▲The Israeli bombings early yesterday targeted Baalbek, Bekaa Valley, in eastern Lebanon. Vestiges of an Ottoman temple, in the background of the image.Photo Afp
Reuters, Europa Press and Sputnik
La Jornada Newspaper
Friday, November 8, 2024, p. 19
Gaza Strip., The Israeli attacks in Gaza left at least 52 dead while in Lebanon 60 suspected Hezbollah militants were killed after a series of attacks by Tel Aviv in Baalbek and other areas north of the Litani River, the first army reported yesterday. Minister Benjamin Netanyahu before the press.
Israel destroyed an Ottoman building meters from the archaeological complex in Baalbek, declared a World Heritage Site by the United Nations Educational and Cultural Organization in 1984.

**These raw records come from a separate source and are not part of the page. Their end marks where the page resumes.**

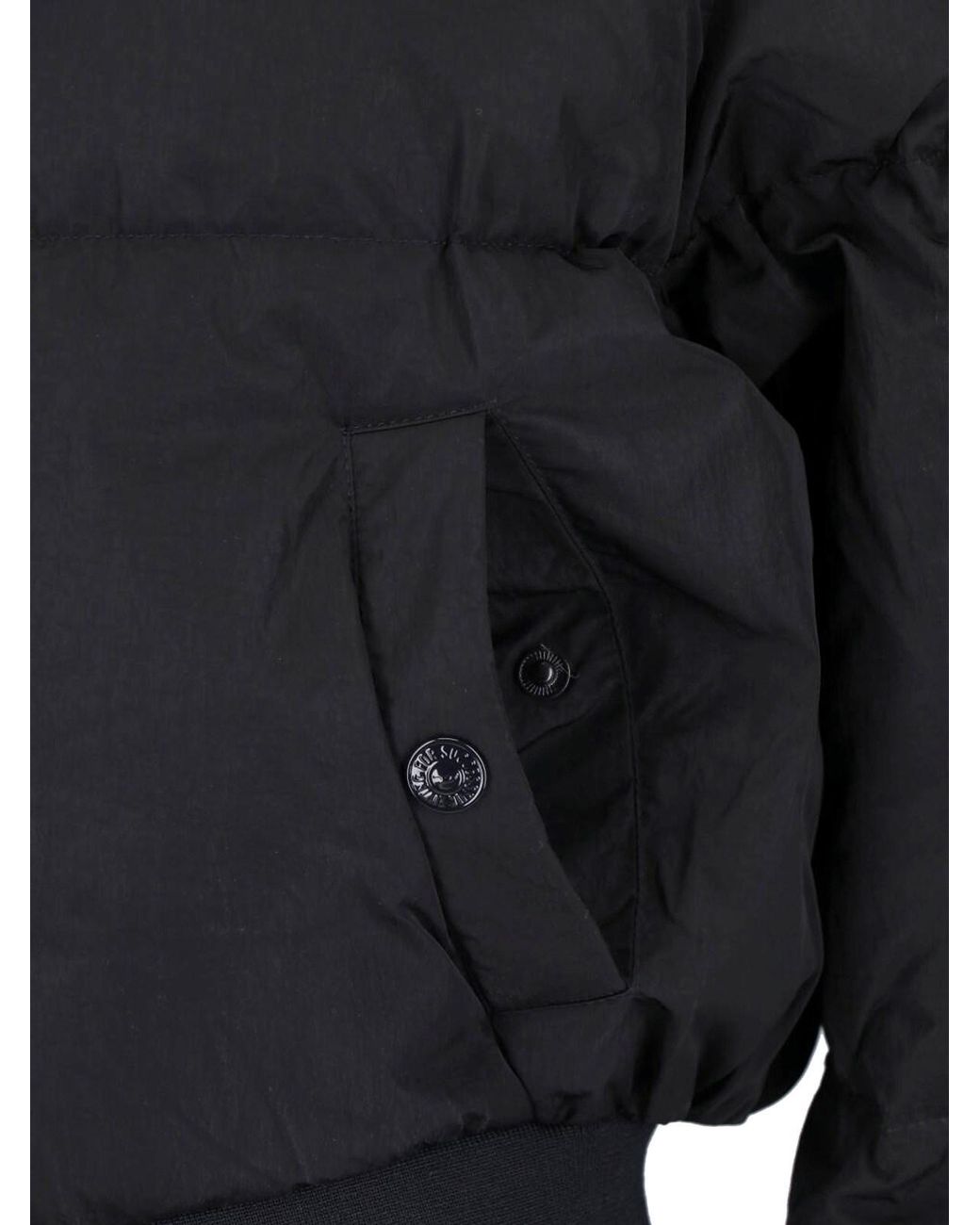 DIESEL Blue Cropped Puffer Jacket With Hood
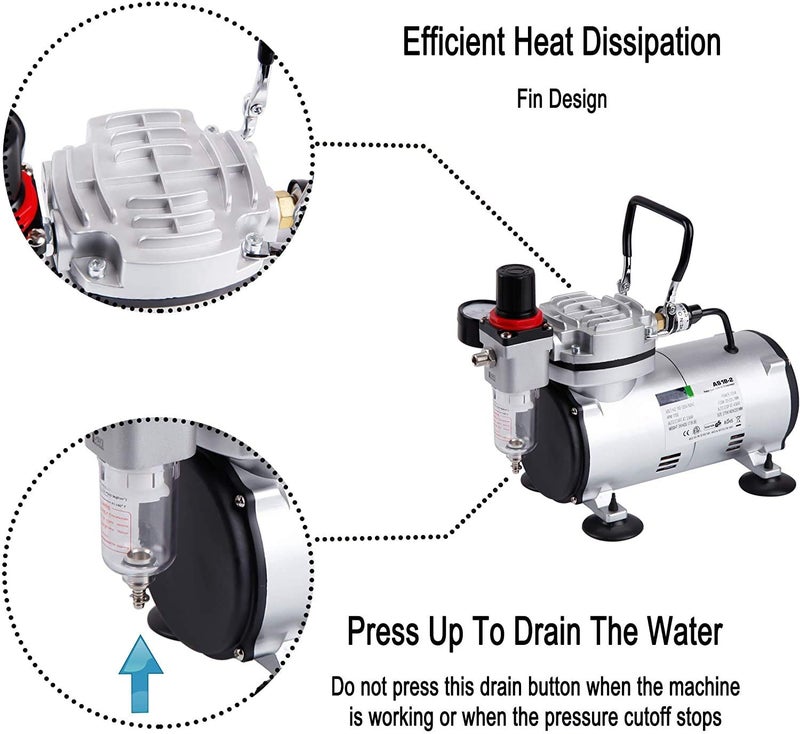 Aerograph 1/5 Hp Ac Rubber And Braided Nylon 3 Watts Airbrush Mini Air Compressor With 10 Ft Hose Pipe - Image 3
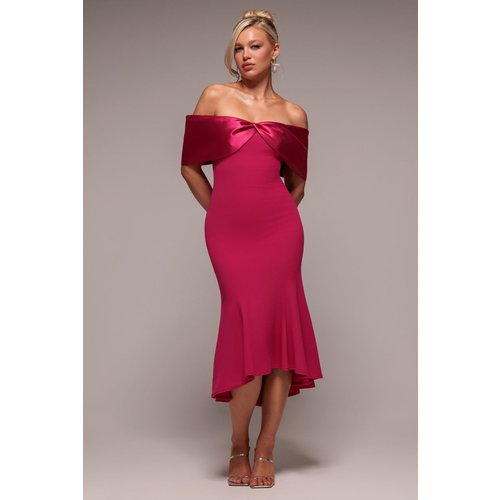 Goddiva Twist Knot Satin & Scuba Bardot High Low Midi Dress - Magenta
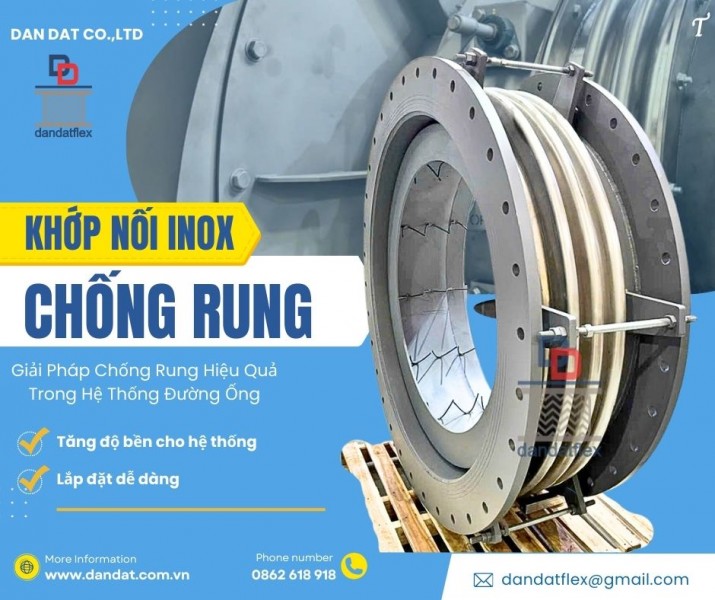 Khớp nối mềm máy bơm, khớp chống rung inox cho trạm bơm, khớp nối mềm chống rung bơm công nghiệp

In the offensive against the Gaza Strip, many of the fatalities were concentrated in the north of the coastal enclave, especially in the town of Jabaliya, where at least five people died and several were injured in offensives near the Al Omari mosque. , while four others lost their lives in two homes. There were six more deaths in Abu Sharj, west of Jabaliya camp.
Eight Palestinians died in the city of Rafah and four more in the east of that town in the Al Yanina neighborhood. Three more died in the Nuseirat refugee camp, according to medical sources in the enclave, and five in the Tabat Zare area. In addition, Israel announced the expansion of its ground offensive to the town of Beit Lahiya, the scene of dozens of bombings during October and so far in November, according to Israeli reports.
On the Lebanese front, some 60 agents of the Shiite organization Hezbollah were killed in a series of Israeli airstrikes in Baalbek, in northeastern Lebanon, and other areas north of the Litani River, the Israeli army spokesperson said yesterday.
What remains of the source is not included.